Unanimously adopted Aug. 8 by city council, Ordinance 2016-16 also set out standards for maintaining and managing neighborhoods where residents own their homes, but lease the land beneath from a third party.
The owner of one of those properties, Harry Miller, has complained to city council that the ordinance puts an unnecessary burden on operations in the manufactured home Community of Wild Meadows.
However, Dover city Councilman Fred Neil, who lives in Wild Meadows, feels the new rules help improve manufactured home communities. State law requires landowners to maintain the property to ensure the health and safety of the residents, but provides no way of enforcing the requirement, he said.
Ordinance 2016-16, which will take effect until July 2017, sets up the means to ensure the health and safety of the residents, he said. Neil was one of the cosponsors of the ordinance. Saturday, Neil said he and fellow cosponsor councilman Scot W. Cole would not object to some amendments, but the ordinance’s provisions about ensuring landowners comply with federal and local laws remaining. However, an amendment to the ordinance would require approval by the full city council.
Chino Valley Council Ponders Tax Break for Clayton Homes
The management of Clayton Homes in Chino Valley, Arizona, are asking the Town Council to consider granting them some sales tax relief, saying the highest rate in the region is hurting his business, according to an online report by Chino Valley Review.
“My own sister stores are my biggest competitors, said Dave Rowe, general manager of Chino Valley’s Clayton Homes.
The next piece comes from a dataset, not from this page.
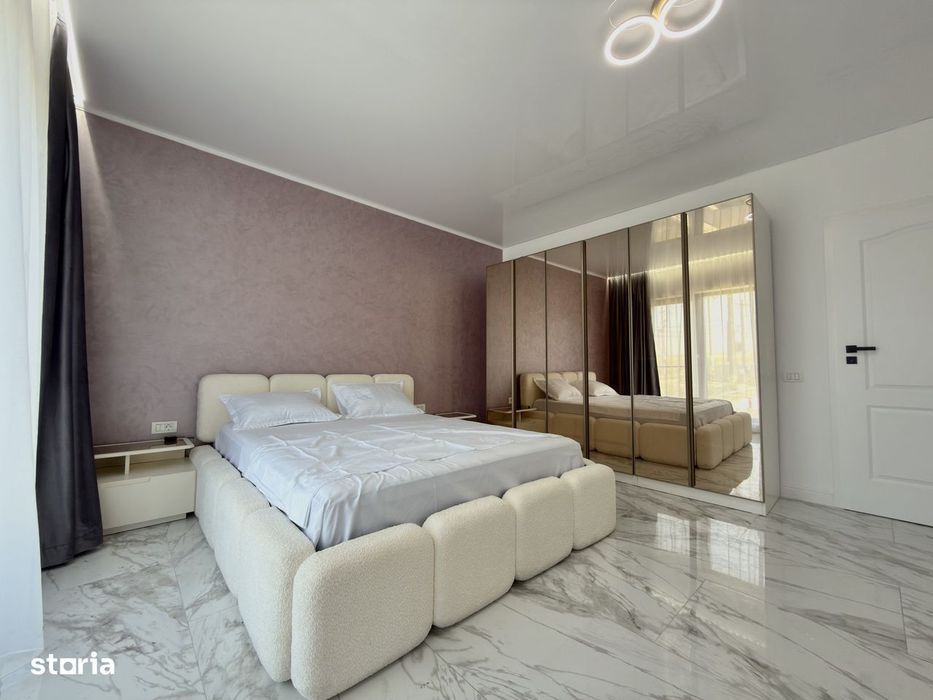 Vilă P+1 Duplex cu 4 Camere - Năvodari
The company which is owned by Berkshire Hathaway, also has locations in Mesa and Glendale.
“Everyone”s shopping the internet these days. My own stores are using the tax rate against me. The Mesa and Glendale locations are actually selling more homes up here because it’s cheaper than we can up here,” Rowe said.
Rowe said if they continue to lose business to their sister stores in the Valley of the Sun, then it will be hard for him to justify keeping his store open. Rowe was speaking to the Council’s Oct 18 work study session, so there were no votes.
Chino Valley receives almost all of it’s funding from a 4 percent sales tax which is the highest in the greater Phoenix region, Mesa has a 1.75 percent, Glendale has a 2.90 percent sales tax rate. Rowe asked the Council to consider lowering it to 2 or 3 percent just for manufactured homes.
“We’re not bringing this up, using this as a threatening tactic, but my corporation is sitting there going, ‘Our Glendale and our Mesa locations are selling into Chino Valley and surrounding areas, then why do we need a location there?”
A 2 percent decrease would mean an estimated $55,000 less in revenues for the town, about one-half of the amount received in 2015 from Clayton Homes sale of manufactured home sales.
If the Council wishes to proceed, they would have to set a public hearing for Dec.13,and then advertise it. The earliest a rate decrease could take effect is March 1, 2017.